What advice would you offer other technologists or developers interested in getting started working on blockchain?
Dive right in. The pace of change is so fast in this space that getting caught up can be a relatively quick process. I think the term ‘blockchain’ still covers a lot of ground so it makes sense to narrow your focus a bit. If you are interested in cryptocurrencies then dive into Bitcoin, Ethereum and token sales in that order. Go out and set up a wallet and buy a small amount of bitcoin just for the experience. Then look it up on a bitcoin explorer to see the history of the transactions.
To start to get familiar with the underlying code the open source community is great in terms of being open to participation and providing resources for learning. Start by downloading Hyperledger Fabric, writing your own Smart Contract and setting up a network of Docker nodes or develop your own token on Ethereum’s test network in Solidity. If you are looking to familiarize yourself with the innovation in this space, every ICO is publishing a new whitepaper exploring new concepts in blockchain and while the quality may vary, you can get a sense of what is happening.
Finally, there are lots of networks out there on Slack, Twitter, Telegram and Meetups that are occurring all around the world. Start talking to other people to find out what they are doing.
Give a bit of background on what you’re working on, and let us know what was it that made you want to get into blockchain?
NuArca is working with AST (American Stock and Transfer) to deliver a blockchain and machine learning enabled proxy voting solution. AST is one of the largest proxy voting solutions in the market, and the NuArca built system will be used by thousands of corporations and funds to define, manage, and record their proxy vote issuances and annual shareholder voting. This solution will facilitate greater transparency and confidence in data handling, allowing issuers to make more informed decisions and strategy adjustments. It will also allow AST’s proxy solicitation experts to access advanced predictive analytics to guide complex proxy solicitations.
What project in Hyperledger are you working on? Any new developments to share? Can you sum up your experience with Hyperledger?
Our primary focus at this time is on deploying the Proxy voting solution using Hyperledger Fabric. We will be live by end of September with more than 2 million unique voters representing over 1 trillion shares. This first project stage is focused on parallel record keeping with existing proxy systems. When all goes well, the Fabric based system NuArca built will become the system of record for proxy voting. By Q2 2019, ~40% of all fund proxy voting will be using this system.
To date, Hyperledger has been great, but does require full time tracking of changes in both technology incorporation as well as deployment. It is new enough that this is completely understandable, but anyone getting involved should know that they are working in a fast moving and dynamic system in which time must be invested to understand and leverage.
What do you think is most important for Hyperledger to focus on in the next year?
Scalability and effectively getting the news out on the good enterprise class solutions that are starting to come out using Hyperledger.
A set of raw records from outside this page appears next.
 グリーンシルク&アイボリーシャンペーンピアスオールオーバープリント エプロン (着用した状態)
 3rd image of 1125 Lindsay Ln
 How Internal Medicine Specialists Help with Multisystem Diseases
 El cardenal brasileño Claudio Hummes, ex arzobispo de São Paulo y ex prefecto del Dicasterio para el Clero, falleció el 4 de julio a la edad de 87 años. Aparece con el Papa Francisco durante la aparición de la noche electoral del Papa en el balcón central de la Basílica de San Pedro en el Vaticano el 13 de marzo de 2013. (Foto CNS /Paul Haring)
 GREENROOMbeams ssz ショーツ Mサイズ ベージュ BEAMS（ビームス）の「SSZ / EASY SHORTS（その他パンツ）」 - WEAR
Much of the tech industry press and financial services press are focused on coins and tokens. Meanwhile, Hyperledger solutions are proving themselves scalable and practical. The Hyperledger community can do a better job of helping to make that knowledge resonate in the market.
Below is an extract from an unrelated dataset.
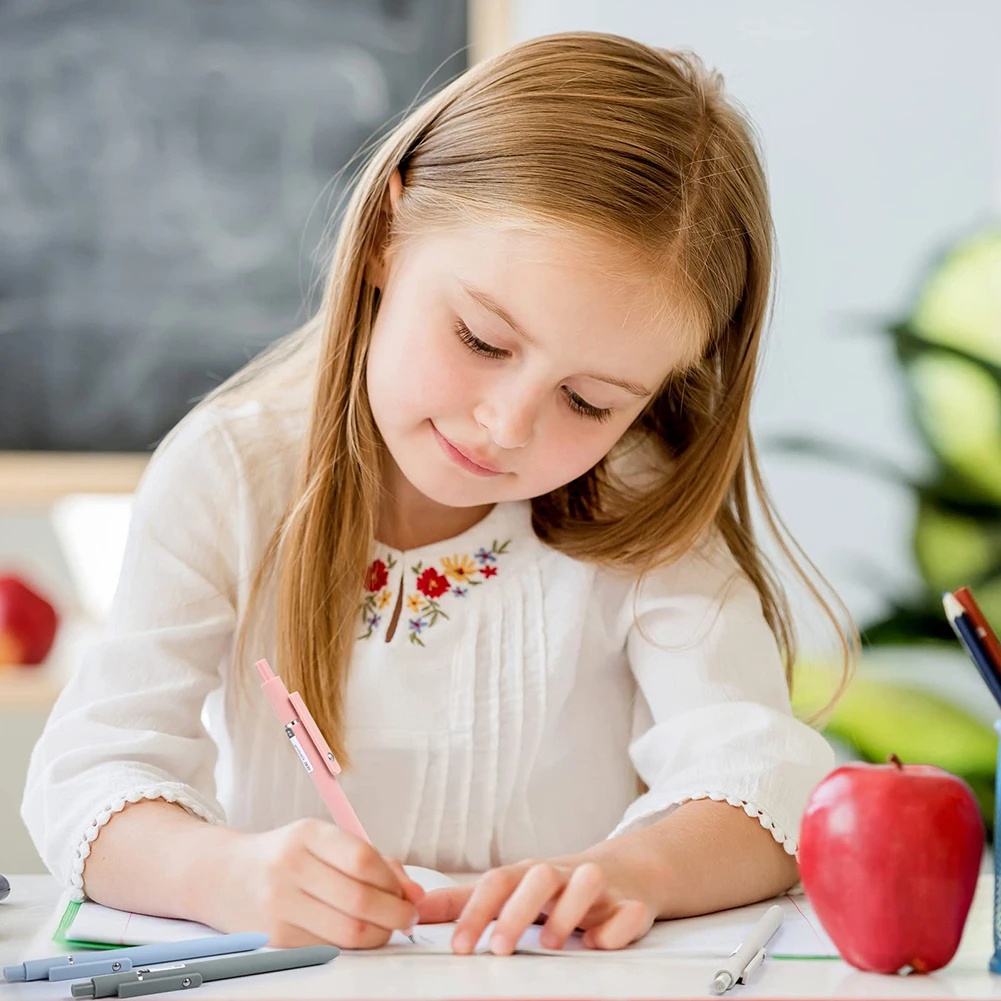 Bút Bi Mực Đen Ngòi 0.5mm Có Chi Tiết Dễ Thương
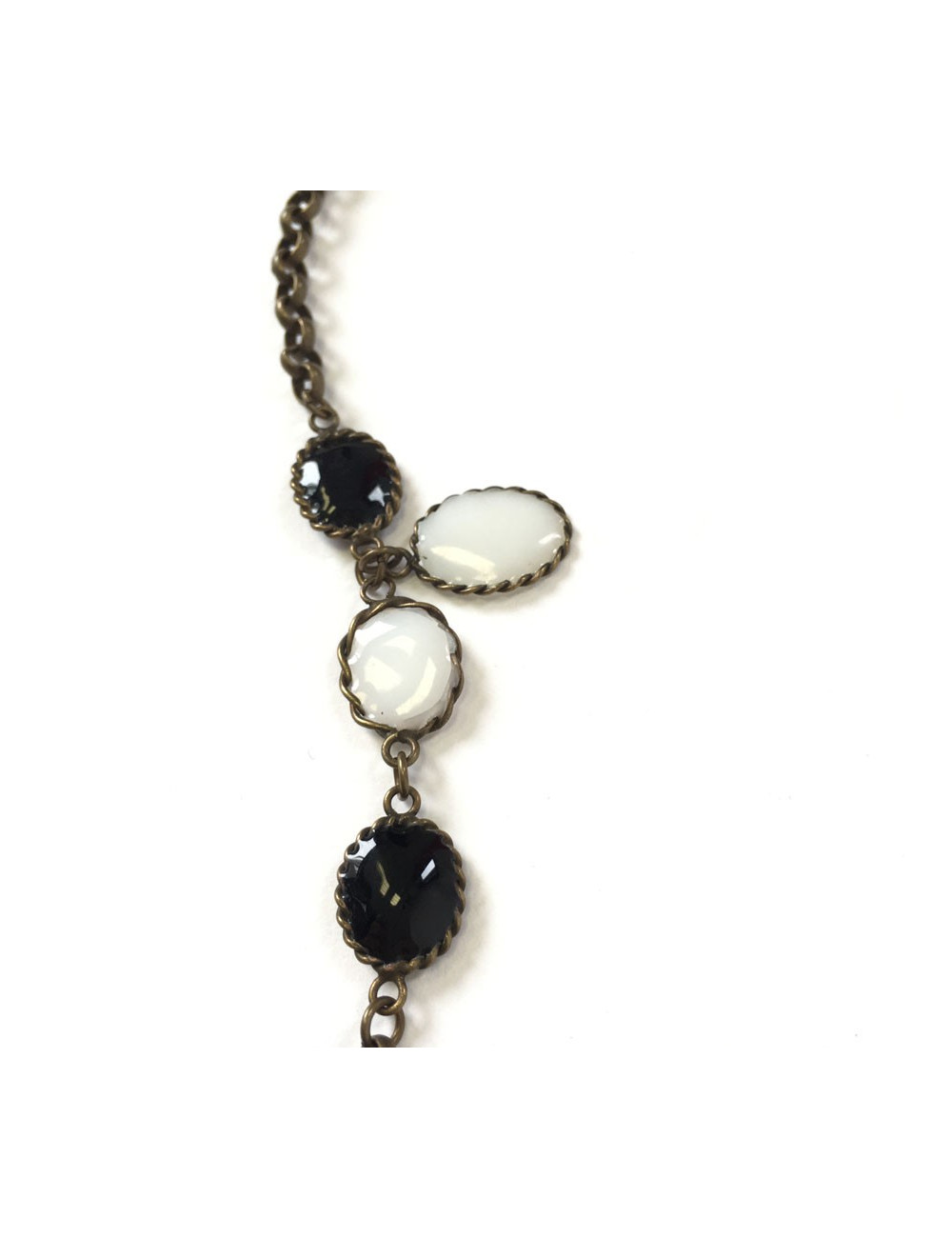 Necklace MARGUERITE of VALOIS gold chain and black and white glass paste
From a specific technology gap standpoint, we are particularly looking to have support of Hyperledger on Red Hat rather than Debian as that is the OS of choice for much of the financial services industry. We anticipate needing ongoing improvements to performance and scalability as we grow the solution.
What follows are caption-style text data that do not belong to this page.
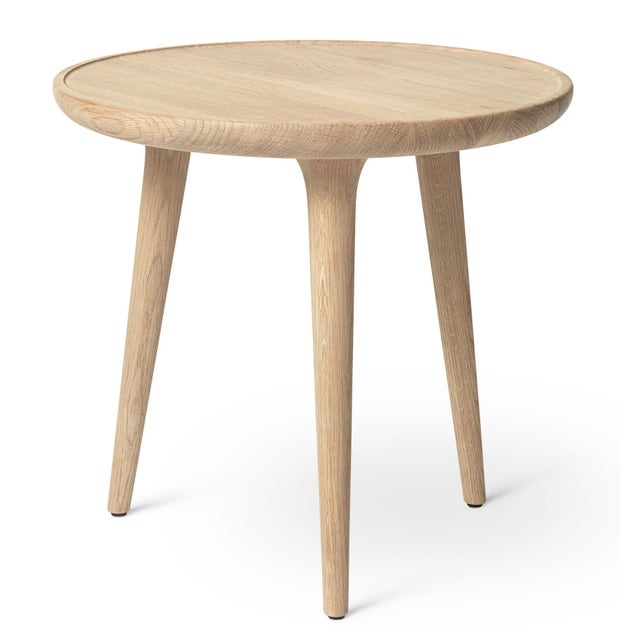 Mater Accent Side Table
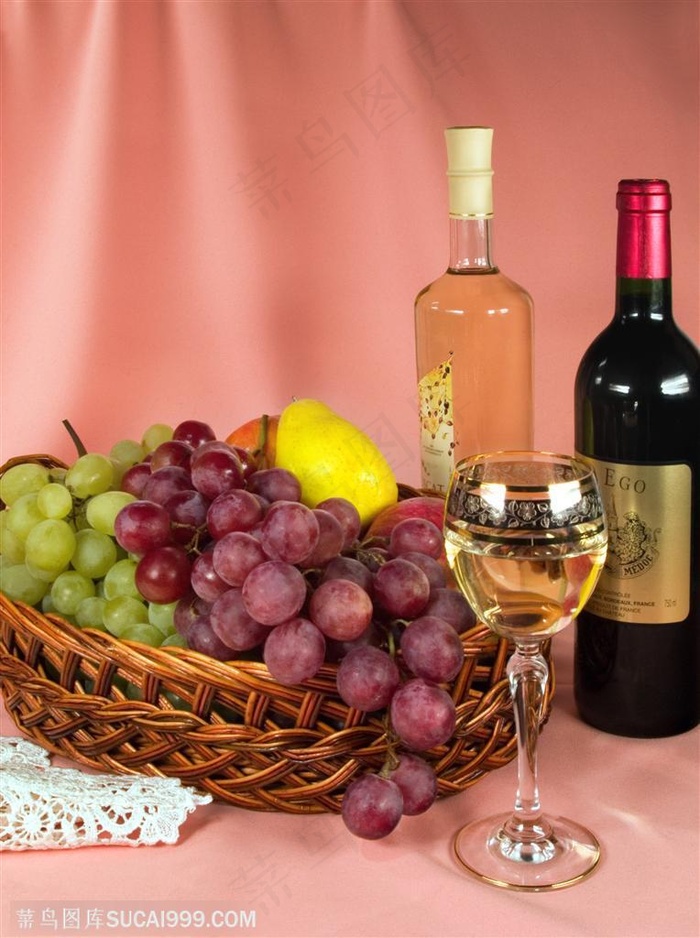 伏特加美酒-篮子中的美酒与葡萄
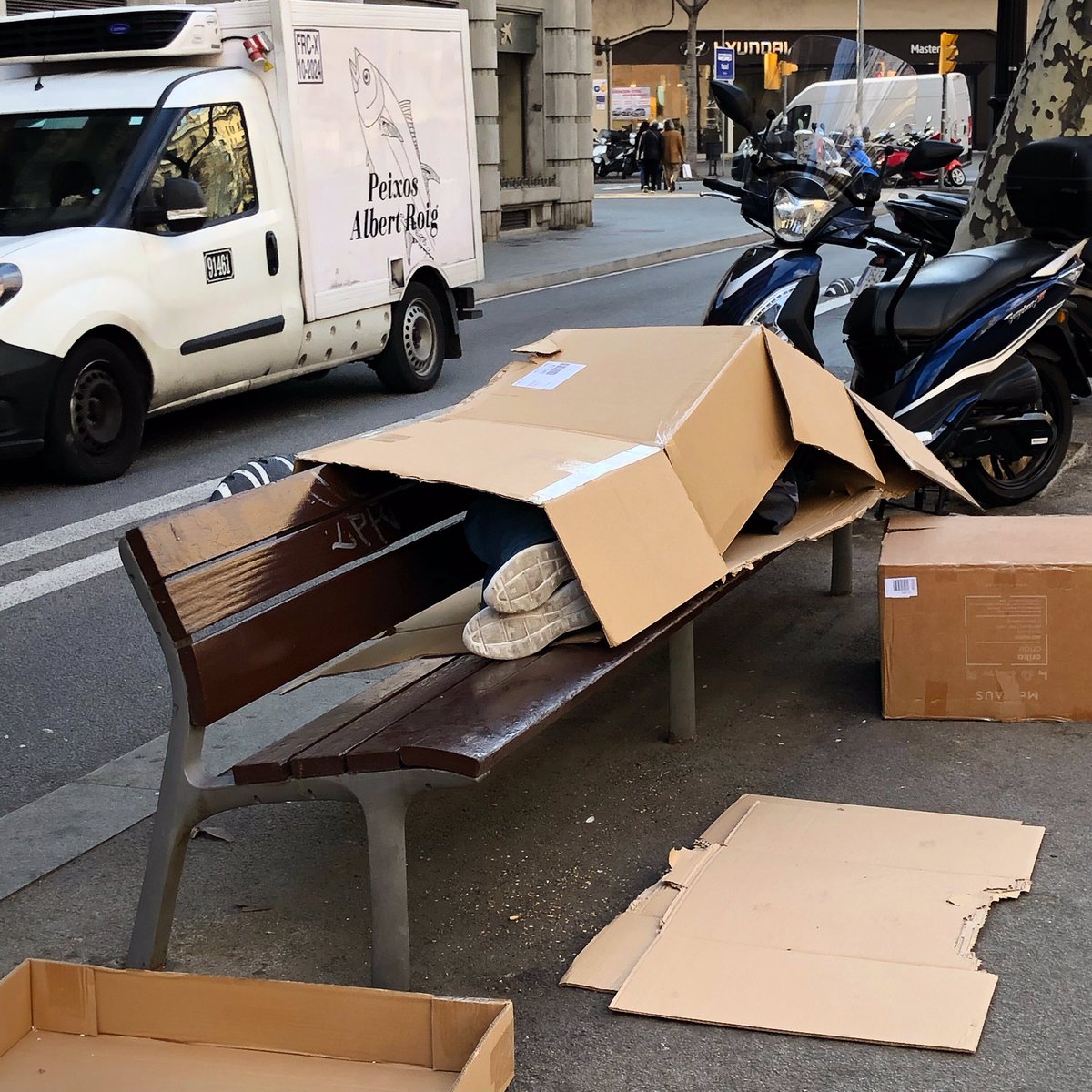 labcninvisible's tweet photo. Entre cartones. Barcelona sensación térmica 1 grado. Sábado 22 de Enero de 2022 #barcelonainvisible #homeless #sinhogar #sensellar #pobresa #pobreza https://t.co/p3O0wKJYbo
As Hyperledger’s incubated projects start maturing and hit 1.0s and beyond, what are the most interesting technologies, apps, or use cases coming out as a result from your perspective?
In general, it is the practical use of the technology available today that is most interesting. Hyperledger is not a pie in the sky visage that may come into its own 5 – 10 years down the road. It is here today and can better solve specific types of problems better than yesterday’s technology base.
What’s the one issue or problem you hope blockchain can solve?
Confidence and accuracy in electoral voting.
Where do you hope to see Hyperledger and/or blockchain in 5 years?
Providing a backbone for strong, private blockchains to various industries that are being used to solve various business challenges. An accepted standard similar to Linux.
What is the best piece of developer advice you’ve ever received?
At some point in every project, it is time to shoot the developer and ship the software. Knowing where that point of time is requires decades of experience, and makes all the difference in the world.
What technology could you not live without?
Cloud service models. The convenience and cross platform synchronization is making a truly mobile life possible. One reason blockchain is needed is to ensure the ongoing security, privacy, and resiliency of these models that are increasingly pulling us towards full reliance on external and potentially vulnerable information management models.